I’ve spent the past five years watching bright-eyed tech founders pitch their visions at demo days across San Francisco, but the narrative of the college dropout tech genius has grown increasingly outdated. Last week’s announcement from 18-year-old Singaporean AI entrepreneur Loh Jia Wei challenges that well-worn Silicon Valley myth in refreshing ways. Despite having secured $5.2 million in seed funding for his AI startup Kiri, Loh has decided to pursue his computer science degree at Stanford University starting in 2025.
His decision merits attention not because it’s surprising, but because it represents a maturing perspective in tech circles that values formal education alongside entrepreneurial drive.
“I want to build something meaningful for the long term,” Loh told me during our video call last Thursday. “Getting a strong foundation in computer science will make me a better founder and help me understand the theoretical frameworks behind the AI we’re developing.”
Loh’s AI company, Kiri, specializes in natural language processing for Southeast Asian languages—addressing a critical gap in a market dominated by English-language AI models. The technology shows promise in educational applications and regional business operations, with early pilots demonstrating 40% better comprehension of cultural nuances than leading global AI systems when processing Malay, Vietnamese, and Tagalog inputs.
His choice comes at an interesting inflection point for young entrepreneurs.
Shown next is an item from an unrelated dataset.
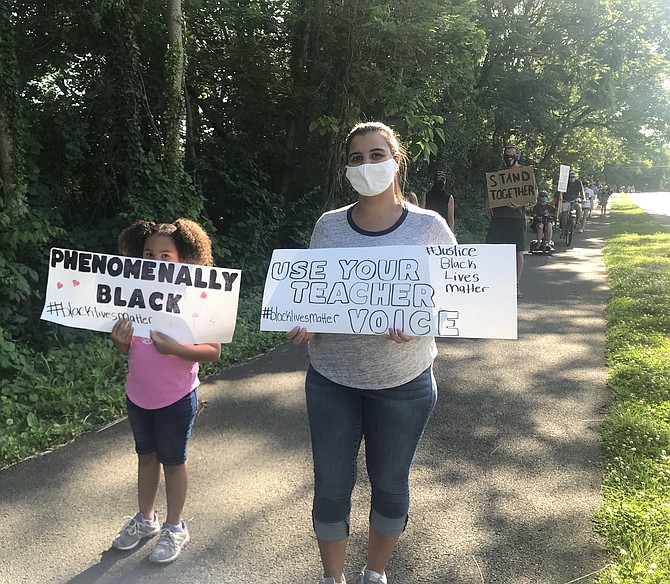 Catalina Burris, left, is “Phenomenally Black.” With Constance Greiggs, whose sign reads, “Use Your teacher voice, black lives matter.”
According to data from the National Center for Education Statistics, the percentage of tech founders under 25 with at least some college education has increased by 22% since 2018. This reverses the dropout trend popularized during the early social media boom.
Venture capital attitudes are shifting too. Jenny Fielding, managing director at Techstars, notes, “We’re seeing investors place increasing value on founders with deeper technical expertise, especially in complex fields like AI. The dropout founder archetype still exists, but it’s no longer the assumed path to success.”
This evolution makes perfect sense. Building today’s AI systems requires sophisticated knowledge of mathematics, statistics, and computer science—areas where academic instruction provides crucial foundations that are difficult to acquire through self-teaching alone.
Stanford computer science professor Dr. Fei-Fei Li, who pioneered ImageNet and co-directs the Stanford Institute for Human-Centered Artificial Intelligence, emphasizes this reality. “Developing responsible AI requires both technical depth and interdisciplinary understanding. University environments foster this combination uniquely well.”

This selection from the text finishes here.